Forse ricorderete come molto spesso Rinpoche dicesse, specialmente a quegli studenti che come me lo seguivano da venti o trent’anni, che eravamo diventati un po’ come gli shravakas. Nell’Hinayana ‘shravaka’ significa ‘ascoltare’ ma ovviamente non significa ascoltare e non praticare. Questo non può essere. La radice del significato di questa parola deriva dal fatto che i discepoli erano sempre intorno al Buddha, ascoltandolo e ricevendo tutto il tempo i suoi insegnamenti. Ed è questo che alcuni di noi ha fatto per quaranta, trenta, venti, dieci anni o uno solo, dipende da ciascuno. Siamo tutti diversi. Ma il tempo di essere shravaka è storia, è finito.
Ora ci troviamo in una situazione diversa e dobbiamo essere pienamente responsabili per noi stessi. Dopo la morte di Rinpoche alcuni erano molto tristi o sotto shock domandandosi chi sarebbe stato il suo successore. E questa idea non va bene sin dall’inizio. Se abbiamo un’impresa o un’organizzazione mondiale allora c’è bisogno di un successore, qualcuno che si occupi dell’azienda altrimenti non funziona più. In Tibet funziona così e i monasteri hanno bisogno di successori altrimenti l’economia dei monasteri crolla. È così anche qui per la Comunità, qualcuno dice che i soci si sono dimezzati rispetto all’anno scorso e ne sono sorti molti problemi. Dobbiamo pensarci bene. È questo il punto principale, la ragione per cui seguiamo l’insegnamento Dzogchen? Non lo è. L’insegnemento Dzogchen significa che ognuno di noi può essere il successore di Rinpoche se applica e realizza il suo insegnamento, come molti semi in un campo, così come Rinpoche ha fatto con centinaia di persone al mondo. Poi dipende dalle cause secondarie, dal tempo, dall’acqua, da questo genere di cose. Ognuno di noi segue il proprio sentiero ma andiamo tutti nella stessa direzione.

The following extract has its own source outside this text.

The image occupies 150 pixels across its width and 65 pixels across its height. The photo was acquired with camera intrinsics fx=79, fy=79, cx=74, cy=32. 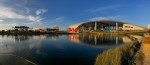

Penso sia molto importante che tutta la Comunità rimanga unita, che cerchiamo sempre di essere presenti e consapevoli della nostra situazione. Nel Vajrayana si dice che quando riceviamo un potenziamento diventa come un serpente che entra in un tubo (entrando da una o dall’altra estremità, cioé liberazione e stati inferiori). Perché? Perche in generale dopo aver ricevuto l’iniziazione Vajrayana dobbiamo seguire tutti i samaya, i nostri impegni, a costo della nostra vita. Questo vale anche per noi – abbiamo un samaya importante, essere presenti e consapevoli. In generale nello Dzogchen su un piano intellettuale abbiamo quattro samaya. I quattro samaya significano continuare nello stato della presenza istantanea. Questo è il samaya principale ma se non siamo consapevoli almeno cerchiamo di essere presenti. Questo lo possiamo fare tutti. Se siamo presenti perché siamo consapevoli della situazione allora è impossibile non sapere se facciamo qualcosa di sbagliato.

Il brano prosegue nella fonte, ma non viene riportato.